*Your goal:* The answer must be an exact copy of the records, with every picture removed.

*Records provided:*

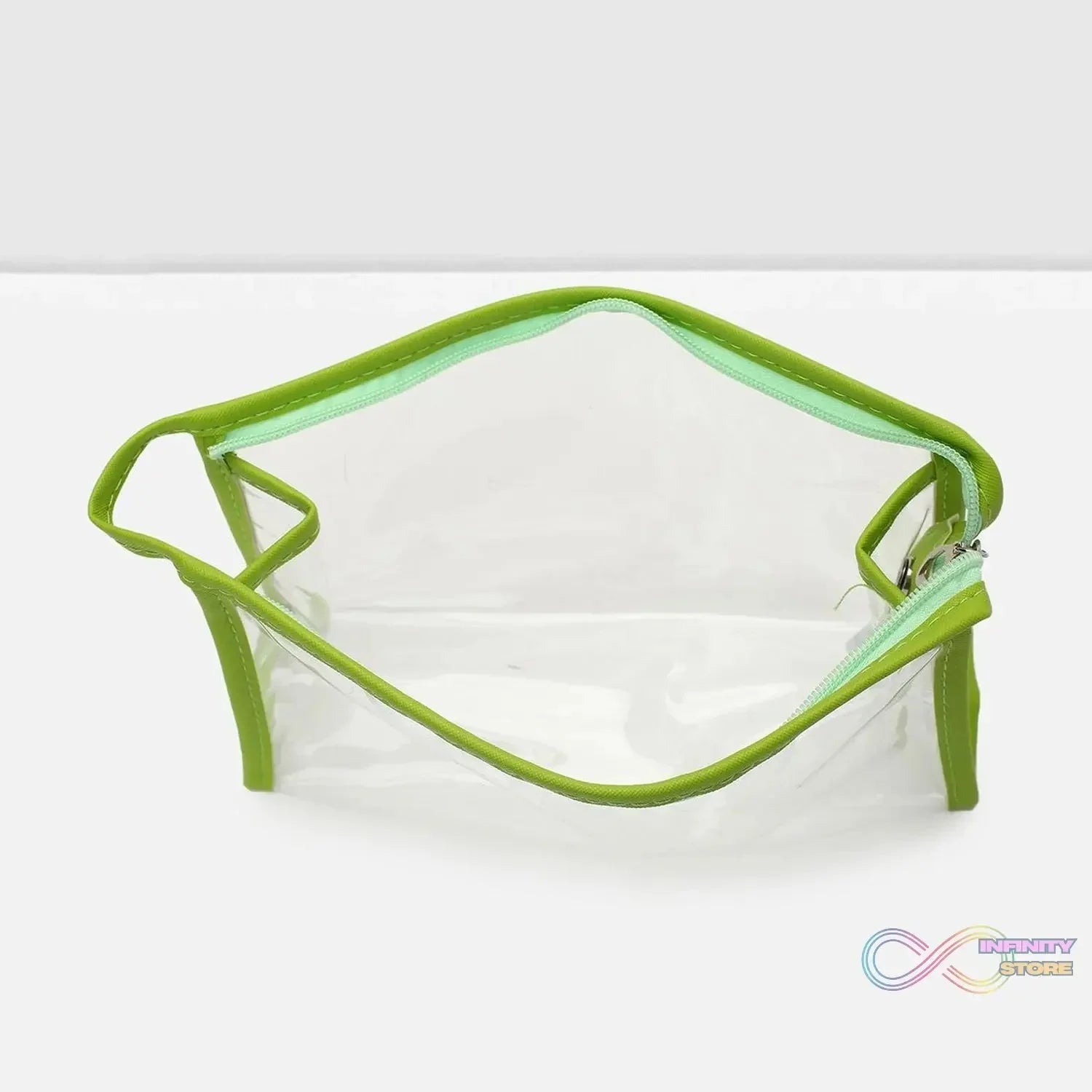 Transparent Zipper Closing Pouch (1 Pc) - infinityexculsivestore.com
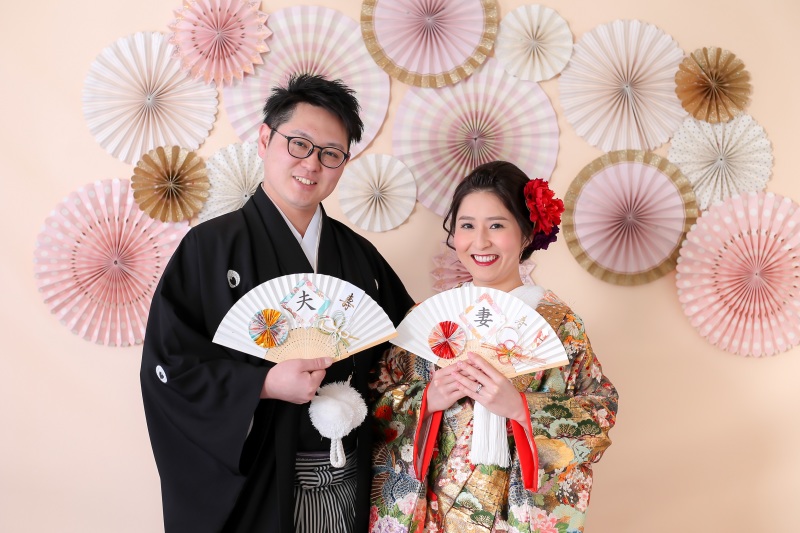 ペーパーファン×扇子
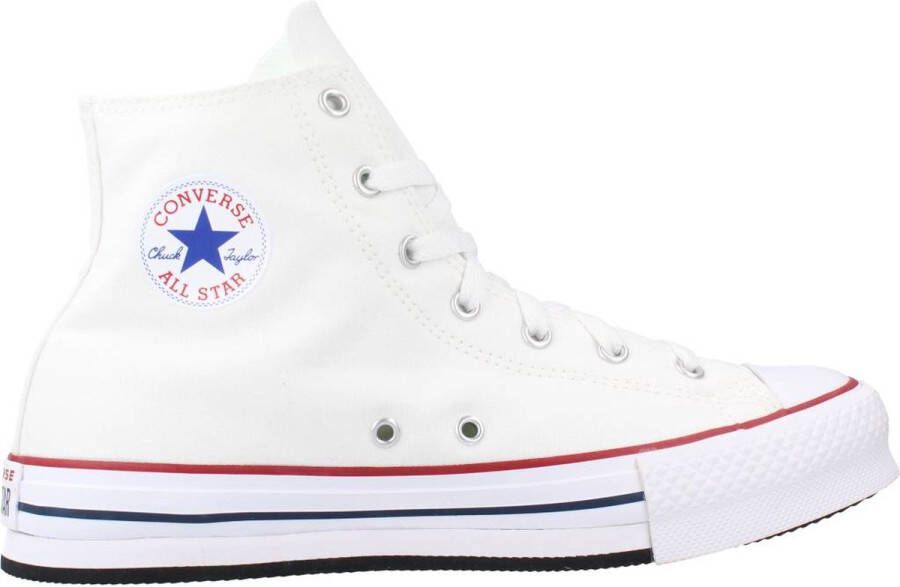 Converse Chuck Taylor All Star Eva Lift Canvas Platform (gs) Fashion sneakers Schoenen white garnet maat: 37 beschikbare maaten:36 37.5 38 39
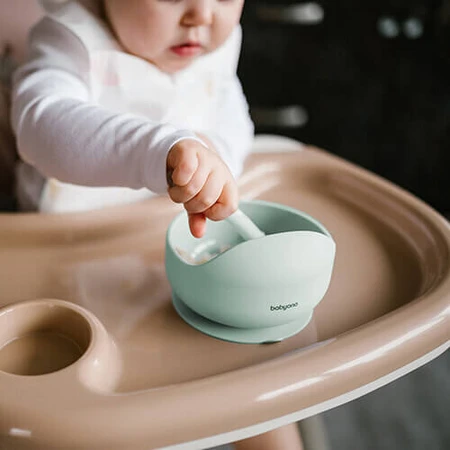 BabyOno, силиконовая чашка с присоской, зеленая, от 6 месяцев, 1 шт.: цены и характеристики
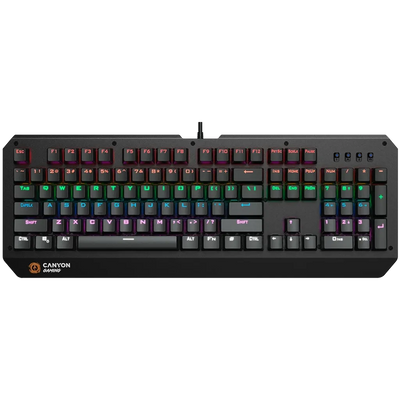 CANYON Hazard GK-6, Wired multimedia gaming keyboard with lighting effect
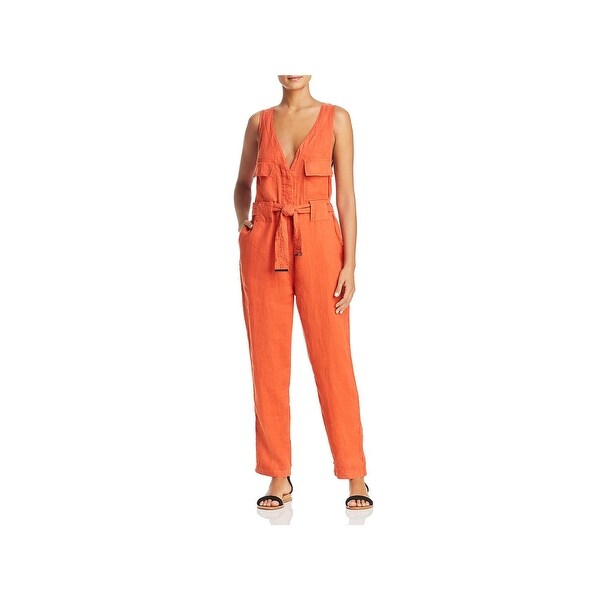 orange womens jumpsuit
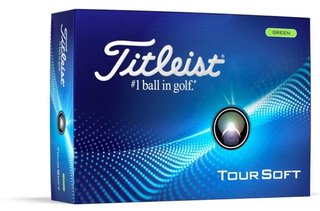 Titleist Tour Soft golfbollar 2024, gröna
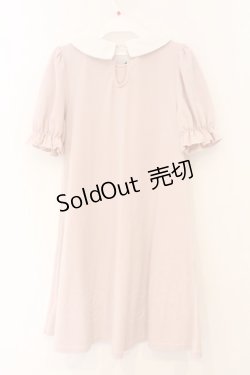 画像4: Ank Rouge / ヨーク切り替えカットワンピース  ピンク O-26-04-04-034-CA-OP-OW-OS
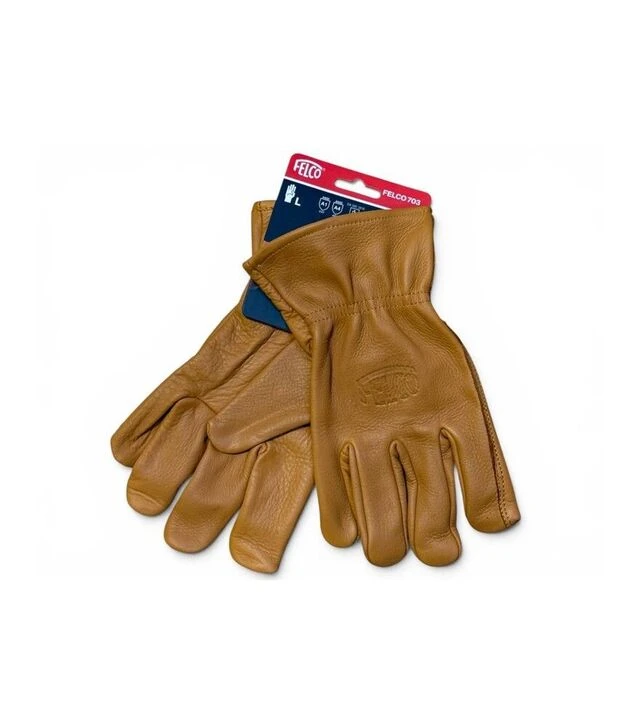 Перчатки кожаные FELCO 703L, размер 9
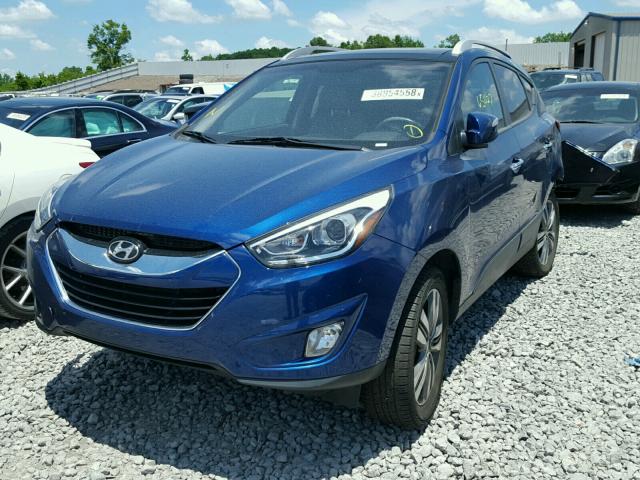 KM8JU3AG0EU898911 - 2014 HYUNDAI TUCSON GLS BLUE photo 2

*Answer box:*
 Transparent Zipper Closing Pouch (1 Pc) - infinityexculsivestore.com
 ペーパーファン×扇子
 Converse Chuck Taylor All Star Eva Lift Canvas Platform (gs) Fashion sneakers Schoenen white garnet maat: 37 beschikbare maaten:36 37.5 38 39
 BabyOno, силиконовая чашка с присоской, зеленая, от 6 месяцев, 1 шт.: цены и характеристики
 CANYON Hazard GK-6, Wired multimedia gaming keyboard with lighting effect
 orange womens jumpsuit
 Titleist Tour Soft golfbollar 2024, gröna
 画像4: Ank Rouge / ヨーク切り替えカットワンピース  ピンク O-26-04-04-034-CA-OP-OW-OS
 Перчатки кожаные FELCO 703L, размер 9
 KM8JU3AG0EU898911 - 2014 HYUNDAI TUCSON GLS BLUE photo 2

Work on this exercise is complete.